**Problem to work on**
The whole listing below needs to be duplicated exactly, pictures aside.

**Data excerpt**

BEGIN

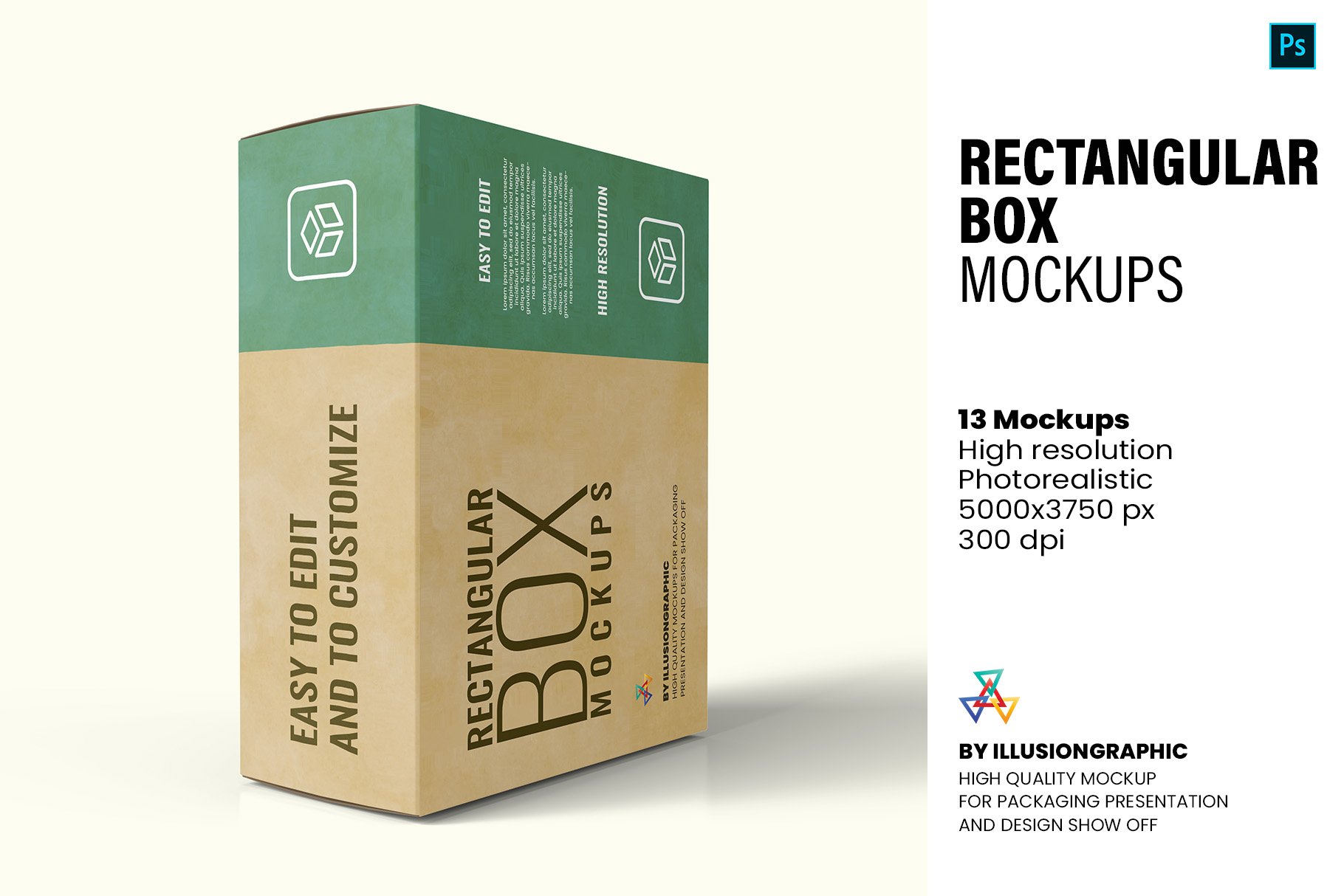 Rectangular Box Mockups - 13 views cover image.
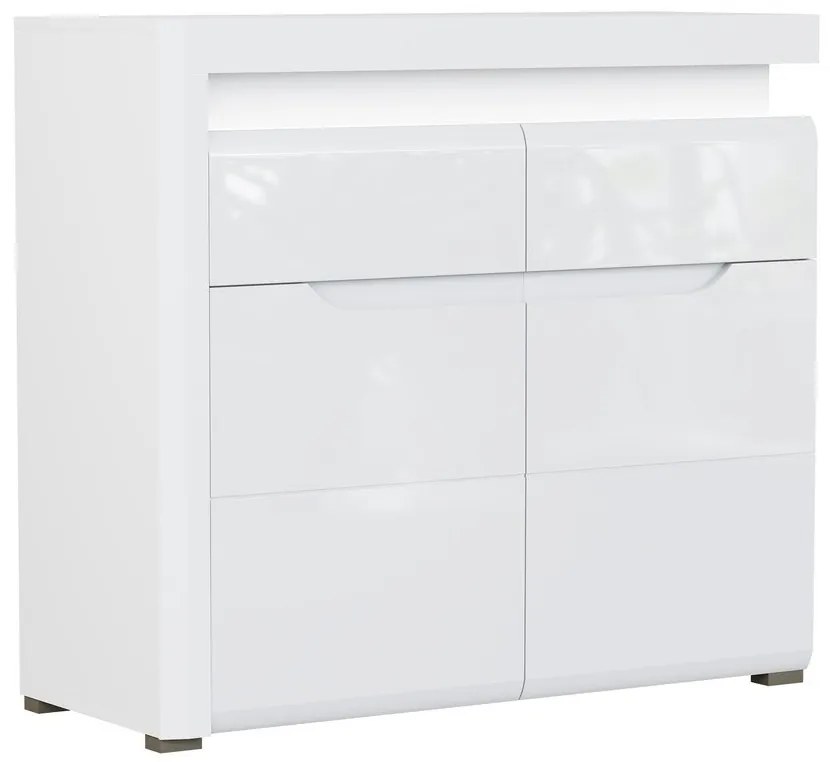 Σιφονιέρα Orlando K102, Γυαλιστερό λευκό, Άσπρο, Με συρτάρια και ντουλάπια, Αριθμός συρταριών: 1, 89x100x39cm | Epipla1.gr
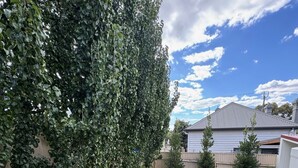 Un jardin avec une pelouse bien entretenue, une haie imposante et une clôture en bois.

END

**Solution for this exercise**
 Rectangular Box Mockups - 13 views cover image.
 Σιφονιέρα Orlando K102, Γυαλιστερό λευκό, Άσπρο, Με συρτάρια και ντουλάπια, Αριθμός συρταριών: 1, 89x100x39cm | Epipla1.gr
 Un jardin avec une pelouse bien entretenue, une haie imposante et une clôture en bois.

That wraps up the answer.